Mr Samaras said the majority of Australians are dealing with rising costs rather than investment settings.
“Most Australians don’t have any of that. They have a mortgage they’re barely servicing. Power bills, food shopping that costs more than it did last month. Rent that’s eating half their pay,” he said. “Aspiration for these people is a word that has a lot of relevance, aspiration to break even at the end of the month.”
He said this divide helps explain why Labor’s vote has remained steady.
“Hence, the people screaming about the budget aren’t the people the budget was written for. And Labor’s vote didn’t move. It held,” Mr Samaras said.

Mr Samaras said the majority of Australians are dealing with rising costs rather than investment settings
The latest polling shows Labor on 31 per cent, the Coalition on 20 per cent, One Nation on 27 per cent, Greens on 12 per cent and other parties on 10 per cent.
Mr Samaras said the more notable development is the continued shift among conservative voters.
“Meanwhile, the realignment on the Right holds firm,” he said. “One Nation heading towards a future parliament where they are the opposition – mainly at the complete destruction of the Coalition.”
He said further polling may reinforce the trend. “I would expect RedBridge Accent to report similar numbers shortly.”
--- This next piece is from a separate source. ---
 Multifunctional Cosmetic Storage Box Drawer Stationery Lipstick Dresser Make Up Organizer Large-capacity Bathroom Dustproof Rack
Economic data has added to the broader discussion. OECD figures show real household income per capita growth in Australia slowed to 0.8 per cent in 2025, reflecting ongoing pressures across households.
Mr Chalmers said the government’s focus remains on addressing these challenges through structural reform rather than short-term political gain.
“We’re not doing this to help our primary vote, we’re doing this to help more people into housing,” he said.
He said the government was willing to take politically difficult decisions to address housing access and economic pressure.
“The thing that matters more to us than the politics is fixing a broken system which has locked too many Australians and too many young Australians in particular, out of the housing market,” Mr Chalmers said.